## [Your objective]
Set down, exactly as they stand, the lines from the one containing "May include: A" through the last line of the records below, leaving every picture out.

Short text fragments from websites
++++++++

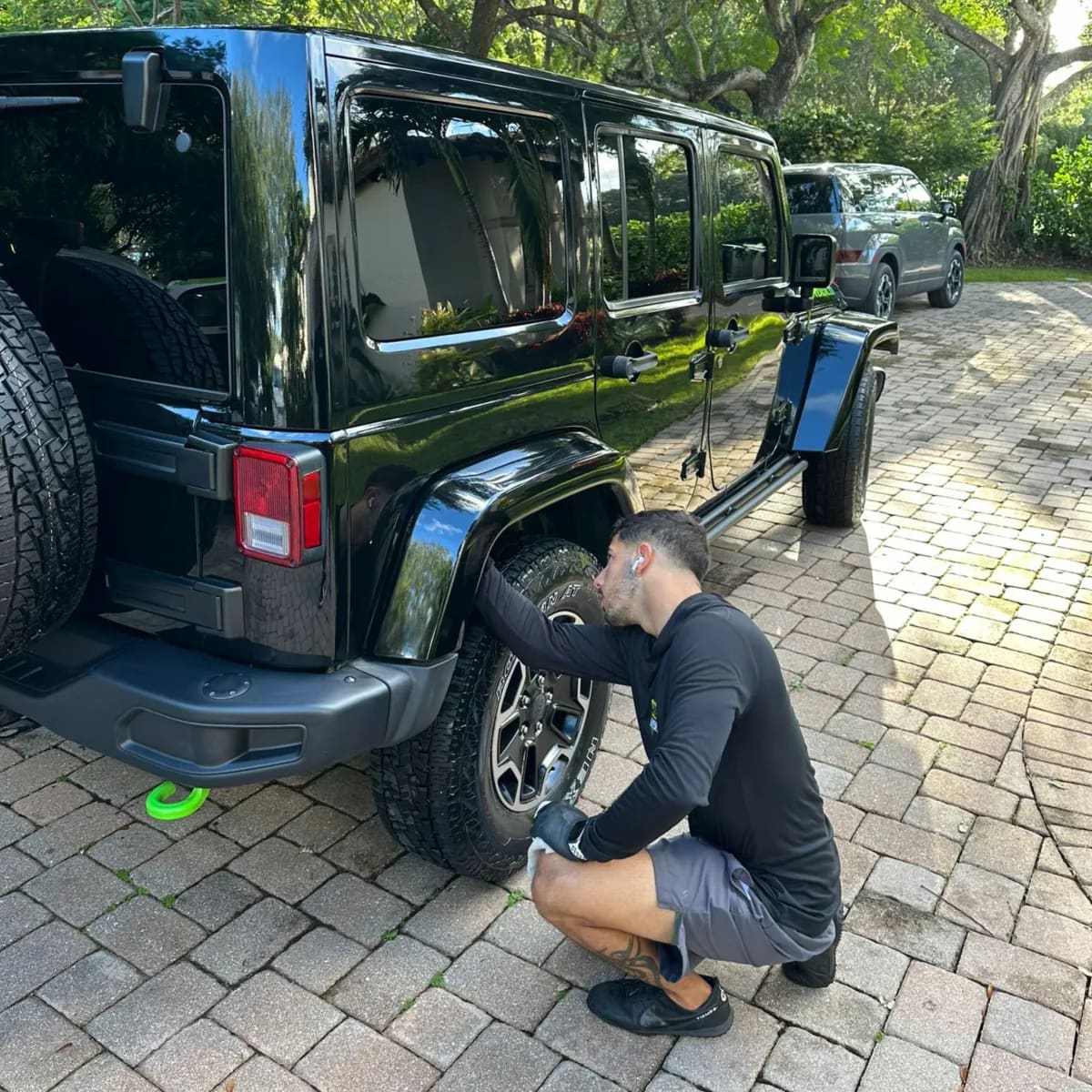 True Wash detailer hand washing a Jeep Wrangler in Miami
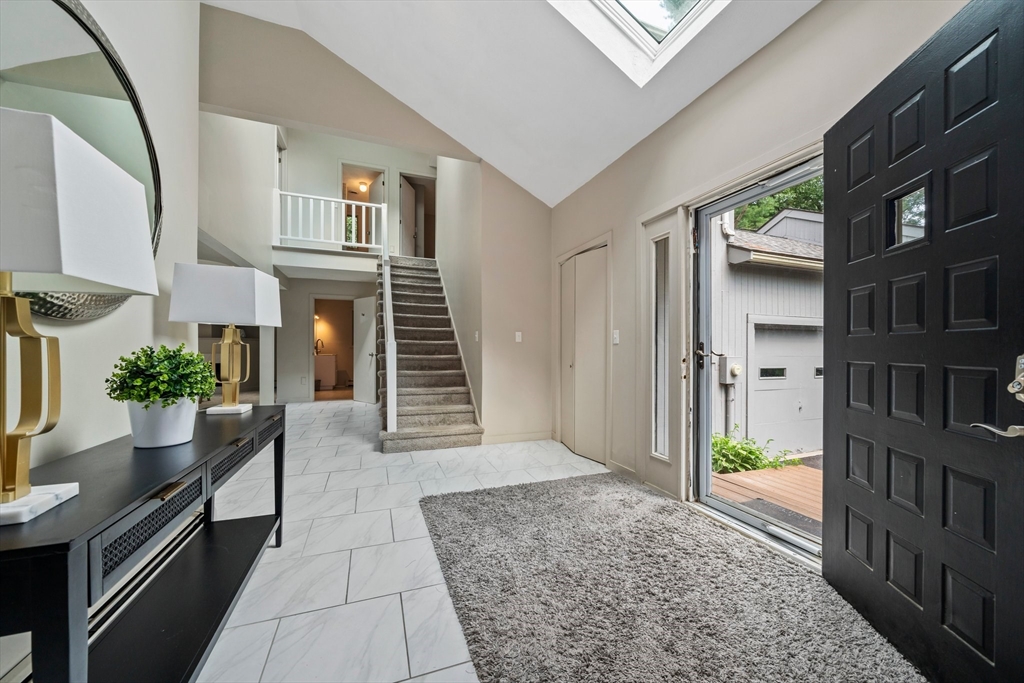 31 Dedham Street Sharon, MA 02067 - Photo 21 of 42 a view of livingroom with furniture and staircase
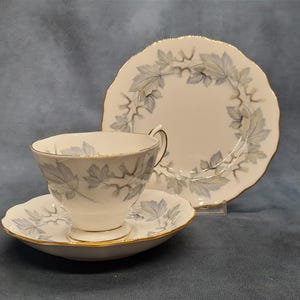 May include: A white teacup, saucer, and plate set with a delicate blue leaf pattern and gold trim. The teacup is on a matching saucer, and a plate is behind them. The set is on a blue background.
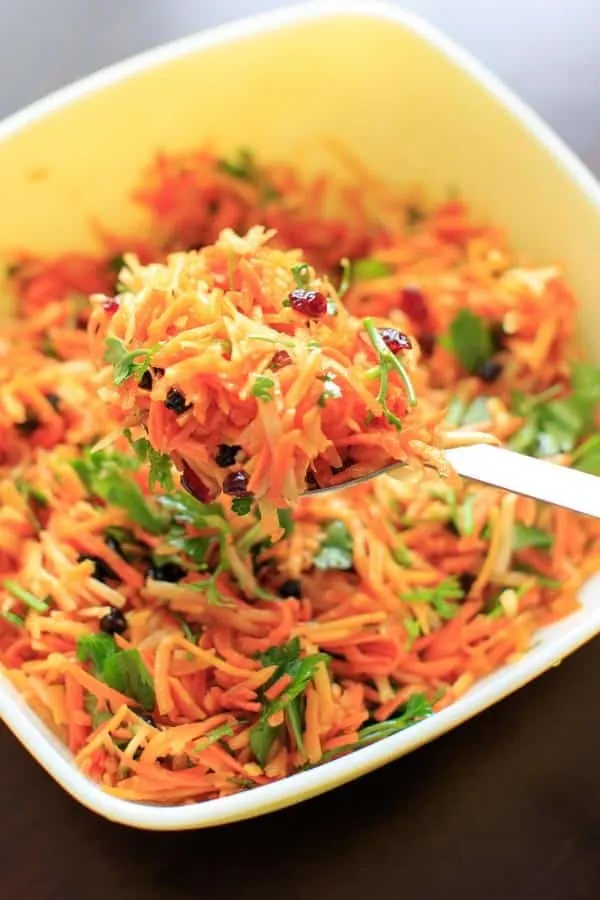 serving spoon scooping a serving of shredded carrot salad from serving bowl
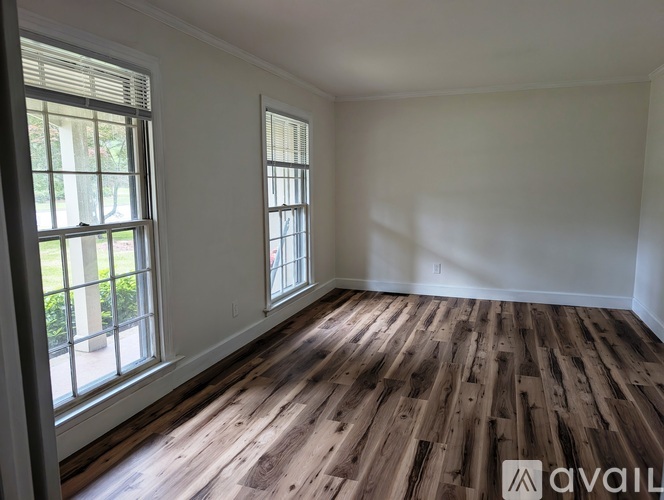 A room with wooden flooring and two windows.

++++++++

## [Answer below]
 May include: A white teacup, saucer, and plate set with a delicate blue leaf pattern and gold trim. The teacup is on a matching saucer, and a plate is behind them. The set is on a blue background.
 serving spoon scooping a serving of shredded carrot salad from serving bowl
 A room with wooden flooring and two windows.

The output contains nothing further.